La reforma tributaria va a ser constante, después va a venir algo con personas humanas”, anticipó el ministro de Economía, Luis Caputo, en una entrevista reciente con A24.

No va a haber en lo tributario una reforma. Nosotros siempre vamos a seguir haciendo cosas a medida que los números nos permitan hacerlo. En esta primera etapa hemos puesto en términos de costo un foco importante en darle una mano a la reforma laboral“, también explicó en su disertación en el Encuentro de Líderes de El Cronista durante el mes de diciembre.

De por sí, el impacto de la reforma laboral dependerá del producto que surja de las negociaciones políticas en el Congreso.

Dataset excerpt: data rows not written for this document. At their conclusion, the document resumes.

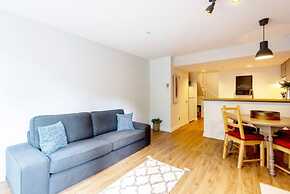 Cozy Creekside Two-Storey Condo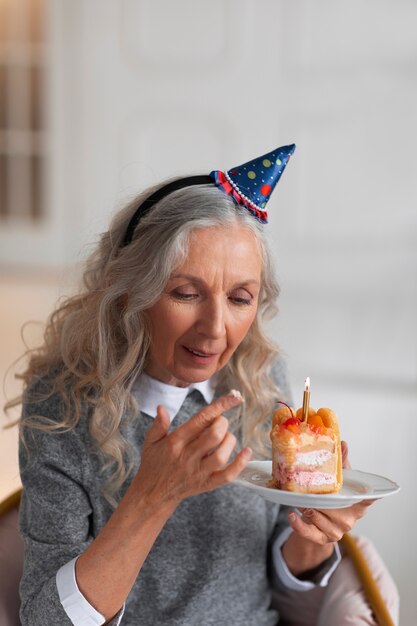 Coup moyen vieille femme tenant un gâteau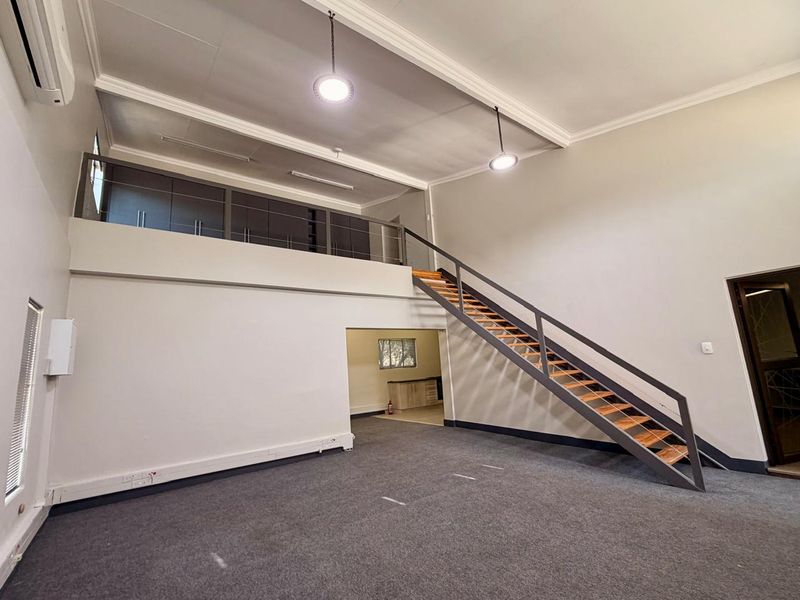 Spacious open-plan living area featuring a mezzanine level, metal staircase, and neutral finishes, offering a versatile layout for various living arrangements.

Si bien en el Senado firmaron el dictamen del proyecto, en Rosada saben que deberán ceder con cambios para que haya consenso de aprobación y, después, la travesía posterior por la Cámara de Diputados puede abrir otro escenario.

Es por eso que tanto la laboral como las demás cuestiones tributarias se debatieron en el marco del Consejo de Mayo, una mesa consultiva que buscó recluir a distintos sectores políticos y de esa manera llegar a un acuerdo.

Por caso, las propuestas que sondearon los miembros en materia impositiva incluyen un Super IVA para eliminar Ingresos Brutos, la eliminación del impuesto al Cheque, y la reducción gradual del impuesto a las Ganancias para las personas humanas.

Tanto el mandatario mendocino Alfredo Cornejo en el informe del Consejo como otros gobernadores aliados han reiterado en distintas oportunidades, la reforma impositiva deberá ir acompañada además de una reforma de la coparticipación como toca impuestos cuya recaudación se redistribuye entre las provincias.

Este punto se mira más a largo plazo aún, ya que debería tener el acuerdo de cada legislatura provincial y, si bien Milei volvió a construir diálogo con la mayoría de los gobernadores, hay cinco provincias con las que no trata: Buenos Aires, donde dirige Axel Kicillof; Formosa, Gildo Insfrán; Tierra del Fuego, Gustavo Mellela y La Rioja, donde comanda Ricardo Quintela.